Und wie machen Sie sich frei von Vergleichen mit den Menschen, die sich in Sozialen Netzwerken darstellen? Gerade Frauen neigen ja dazu, sich ständig mit anderen zu vergleichen…

Ist das so? Ich weiß nicht, ich glaube, ich habe dieses Gen des Vergleichens nicht. Ich vergleiche mich nicht. Warum auch? Jeder ist doch irgendwie toll auf seine Art. Der einzige Mensch, mit dem ich mich vergleiche, ist mein Ich von gestern. Dieses Vergleichen ist doch auch albern: All diese Bilder mit all diesen Bearbeitungen und Filtern und Verschönerungen sind in Wahrheit nur Märchenabzüge von glücklichen Momenten, die die Menschen von sich zeigen wollen.

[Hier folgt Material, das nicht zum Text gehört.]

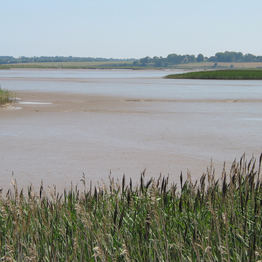 Winding estuary mudflats lined by reedbeds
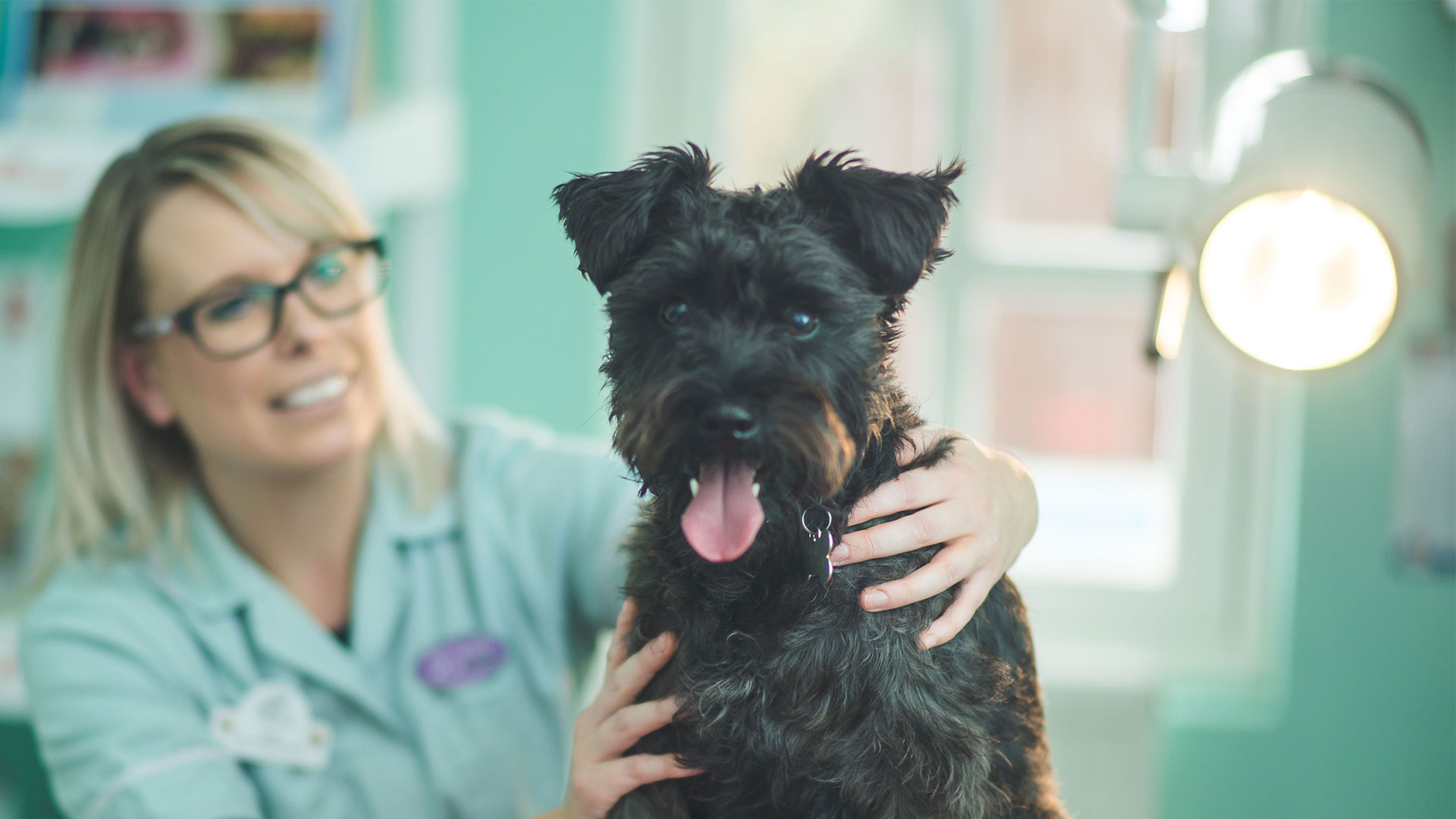 Dog Vaccinations, Microchipping and Neutering Somerset Well Pets
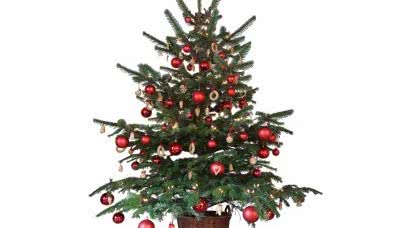 Z jaką choinką Święta Bożego Narodzenia?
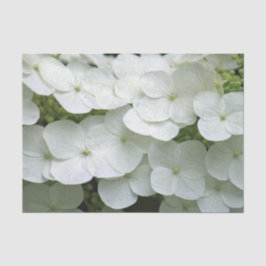 Hübsches Weiß-Hydrangea-Foto Seidenpapier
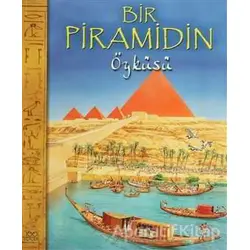 Bir Piramidin Öyküsü - Nicholas Harris - 1001 Çiçek Kitaplar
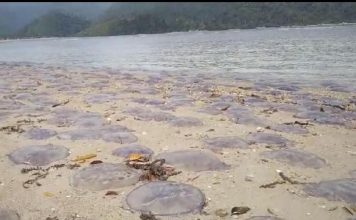 Ribuan Ubur-ubur Terdampar di Pantai Sungai Pinang Sumbar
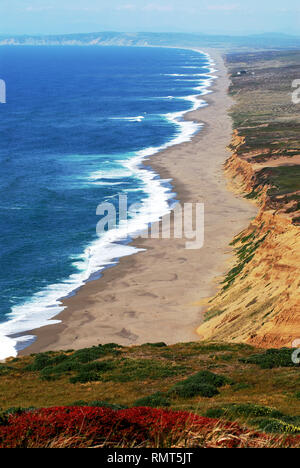 Le littoral de Point Reyes, Californie est bien connu comme l'un des plus beaux du monde. Cette image explique pourquoi. Banque D'Images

Sich auf Fotos schlanker machen, die Lippen oder die Br*ste größer machen, die Haut glatter machen – das ist nicht cool.

Ist es Ihnen deshalb so wichtig, starke Frauenfiguren zu spielen? Frauen, die sagen: Das ist mir schnuppe, da mache ich nicht mit?

Als Schauspieler ist es das Schönste, wenn einem ein großes Spektrum an Rollen angeboten wird. Die müssen nicht immer nur stark sein oder cool. Manchmal ist ja auch eine sehr schwache Figur wahnsinnig spannend zu spielen. Wenn ich eine starke Frau spiele, frage ich mich immer: Wo sind ihre Schwächen? Wenn ich eine coole Frau spiele: Wo ist sie uncool? Wenn ich eine schwache Frau spiele: Wo ist sie stark? Das ist, was mich interessiert: Ich versuche, die Gegensätze der Figur zu finden, um so die Figur selbst zu verstehen. In ihrer ganzen Ambivalenz. Denn kein Mensch ist immer gleich. Kein Mensch ist immer gut, kein Mensch ist immer schlecht. Das ist auch das Schöne an der Serie, dass gerade die Antihelden die Stimme der Vernunft sind in unserer Geschichte. Die, die den kühlen Kopf bewahren. Und der aalglatte Staatsanwalt liegt falsch, obwohl er etwas Gutes will. Doch er lässt sich von seinen Emotionen lenken und nicht von Fakten.

Nur von seinem Glauben…

Genau. (Lächelt.)

„Glaube kann Berge versetzen“, heißt es. Gab es Momente in Ihrem Leben, in denen der Glaube an Sie selbst Berge versetzt hat?

Oh ja, ich glaube da ganz fest dran. Es passiert ja alles im Kopf erst mal. Ein iPhone hat es vorher nicht gegeben, das ist im Kopf entstanden von jemandem. Wie Elektroautos und so weiter. Es passiert erst einmal ein Gedanke im Kopf und dann entsteht ein Glaube an etwas

Sie selbst wirken wie jemand, der sehr in sich ruht. Woher kommt dieser Glaube an sich selbst bei Ihnen?

Ach, ich bin gar nicht so gelassen, wie ich jetzt auf Sie wirke. Meine Eltern sind gelassen. Doch es stimmt schon: Ich habe gelernt, dass die Dinge am Ende eh immer so kommen wie sie kommen – deshalb kommt man mit Gelassenheit meist am besten weiter. Gelingt nur leider nicht immer.